Yeah. I was watching a Plaid Cymru PBB the other day, and their constant referencing of "our nation" and "our people" and even "our identity" made me uncomfortable (like something depressing Holla Forums would make about anuddah shoah) even though they're harmless socdems like the SNP. It dawned upon me that the SNP never actually talk about Scotland as a nation, they almost talk about it like a civic polity defined by the way it votes and nothing else.
bring back clause 4
I miss the old Labour, straight from the 'Go Labour
Chop up the soul Labour, set on its goals Labour
I hate the new Labour, the bad mood Labour
The always rude Labour, straight in the news Labour
TBH it was a lot better than I expected. I am hovering now between not voting and voting Corbyn just to stick fingers up at the media
The media will go mad when all their fear mongering didnt work.
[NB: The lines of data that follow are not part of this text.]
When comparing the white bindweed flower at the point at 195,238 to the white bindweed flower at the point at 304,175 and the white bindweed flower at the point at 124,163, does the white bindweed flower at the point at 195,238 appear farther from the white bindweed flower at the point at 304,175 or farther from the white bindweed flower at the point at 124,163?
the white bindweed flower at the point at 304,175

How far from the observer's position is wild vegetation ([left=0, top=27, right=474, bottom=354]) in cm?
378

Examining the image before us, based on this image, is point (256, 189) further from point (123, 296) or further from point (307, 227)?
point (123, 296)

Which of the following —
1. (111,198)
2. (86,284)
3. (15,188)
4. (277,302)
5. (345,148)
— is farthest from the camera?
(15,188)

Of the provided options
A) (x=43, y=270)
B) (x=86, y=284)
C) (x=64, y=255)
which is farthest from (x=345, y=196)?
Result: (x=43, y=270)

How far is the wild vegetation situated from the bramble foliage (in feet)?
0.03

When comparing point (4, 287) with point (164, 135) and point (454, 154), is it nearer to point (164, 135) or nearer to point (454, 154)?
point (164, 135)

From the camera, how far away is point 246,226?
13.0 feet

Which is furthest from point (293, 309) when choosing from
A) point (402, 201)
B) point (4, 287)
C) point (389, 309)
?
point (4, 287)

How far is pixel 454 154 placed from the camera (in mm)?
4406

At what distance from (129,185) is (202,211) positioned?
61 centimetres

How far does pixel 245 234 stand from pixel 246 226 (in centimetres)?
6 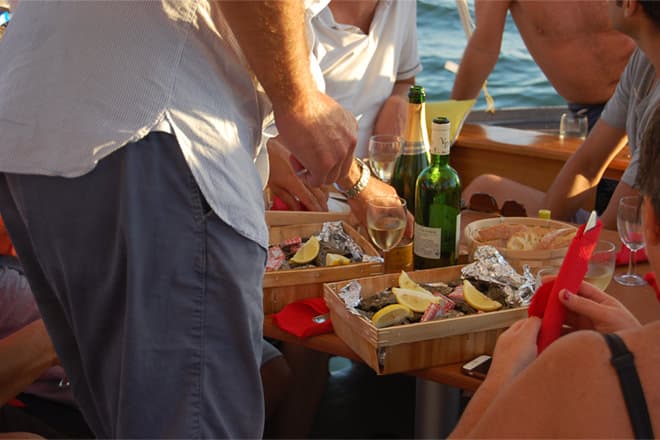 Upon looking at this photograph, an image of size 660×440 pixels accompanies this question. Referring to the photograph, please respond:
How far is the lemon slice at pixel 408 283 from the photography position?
1.50 m

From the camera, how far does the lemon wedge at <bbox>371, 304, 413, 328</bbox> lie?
4.57 feet

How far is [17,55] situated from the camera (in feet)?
3.79

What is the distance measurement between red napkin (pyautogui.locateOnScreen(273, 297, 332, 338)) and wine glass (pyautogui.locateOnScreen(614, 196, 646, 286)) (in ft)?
2.01

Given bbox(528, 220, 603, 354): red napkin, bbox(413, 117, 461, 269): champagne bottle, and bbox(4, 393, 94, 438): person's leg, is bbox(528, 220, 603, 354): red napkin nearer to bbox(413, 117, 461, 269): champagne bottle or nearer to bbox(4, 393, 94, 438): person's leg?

Go and vote just to sow a bit of fear in the porky media.
thing is if he loses then you just crowned Theresa all the more
Any form of nationalism is a cancer.
...
Scotland's population would be plummeting if it weren't for immigration so the SNP must stay pro-migration.
It also doesn't hurt that the only real icon of Scottish nationalism - Burns - was espousing semi-socialist thought in poems like "Is There for Honest Poverty"
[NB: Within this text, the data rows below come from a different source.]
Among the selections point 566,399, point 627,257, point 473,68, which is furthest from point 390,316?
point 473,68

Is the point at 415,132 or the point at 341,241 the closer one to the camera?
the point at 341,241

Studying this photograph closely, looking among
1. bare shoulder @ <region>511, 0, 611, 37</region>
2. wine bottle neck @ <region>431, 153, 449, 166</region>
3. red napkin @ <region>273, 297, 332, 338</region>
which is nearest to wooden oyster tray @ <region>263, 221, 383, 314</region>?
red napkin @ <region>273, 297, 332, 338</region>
Scotland's indigenous capitalist class has been extinct for the better part of a century.
Scottish nationalism, much like the Irish, is emancipatory and not reactionary.
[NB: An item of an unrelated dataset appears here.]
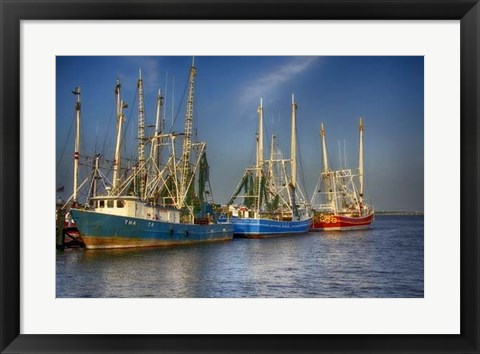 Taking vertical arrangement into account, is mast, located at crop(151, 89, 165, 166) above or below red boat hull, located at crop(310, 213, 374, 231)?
above

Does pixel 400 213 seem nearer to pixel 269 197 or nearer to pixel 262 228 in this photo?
pixel 269 197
Scotland best anti imperialists. Romans could not get us we wuz picts and shit
Uphold Marxism-Calgacusism with Pictish characteristics
Join the National-Anarcho- Bouddician militia
You know what 'end driver-only operation of trains' is all about? In the old days trains had a conductor who'd signal to the driver when the last passenger was on board - and that was an important safety feature because the driver couldn't see everything with a simple mirror. However, now the driver can view his train through camera, from multiple angles, thereby making the conductor redundant. Except that removing conductors would mean fewer jobs for the members of the unions that support Corbyn. So never mind advances in technology, the unions and Corbyn's Labour party are fighting hard to stop driver-only trains. If Corbyn ever got into government (he won't) he would once again let the unions take over British industry and pad the books with expensive sinecures for their members. People always bitch and moan about Margaret Thatcher, and how terrible the 80s were with all the greed and crassness. What everyone conveniently forgets to include is how things were before Thatcher got into power. Britain spent the 1970s being referred to as 'The sick man of Europe' (a term first coined to refer to the decaying Ottoman Empire). Do I agree with everything Thatcher did? No. But her solutions were a damn sight better than leaving things to continue as they were - rubbish piling up in the streets, electricity being turned off three days a week, corpses going unburied, constant shortages of everything. Don't let the rose-tinted spectacles of the left fool you - when they talk about how everything was much 'nicer' and 'community-oriented' before Thatcher, what they mean is that everyone was poor as dirt.
Voting age to 16?
Say goodbye to post-scarcity anarchism.
When revolution comes I'm going to shoot you first you received wisdom spouting motherfucker.
The people of Britain ended the 1970s with higher living standards than they went into them. The same will not be true of the 2010s. That's Thatcher's legacy.
Strikes were a side effect of high inflation caused by a global oil crisis aligning with a cyclical crisis of capitalism. "Corpses went unburied" in one area, and were kept refrigerated.
Furthermore, we at least had the dignity to realize 1 million unemployed was abnormally high. (It's now 1.5 million, and celebrated as the lowest in years.)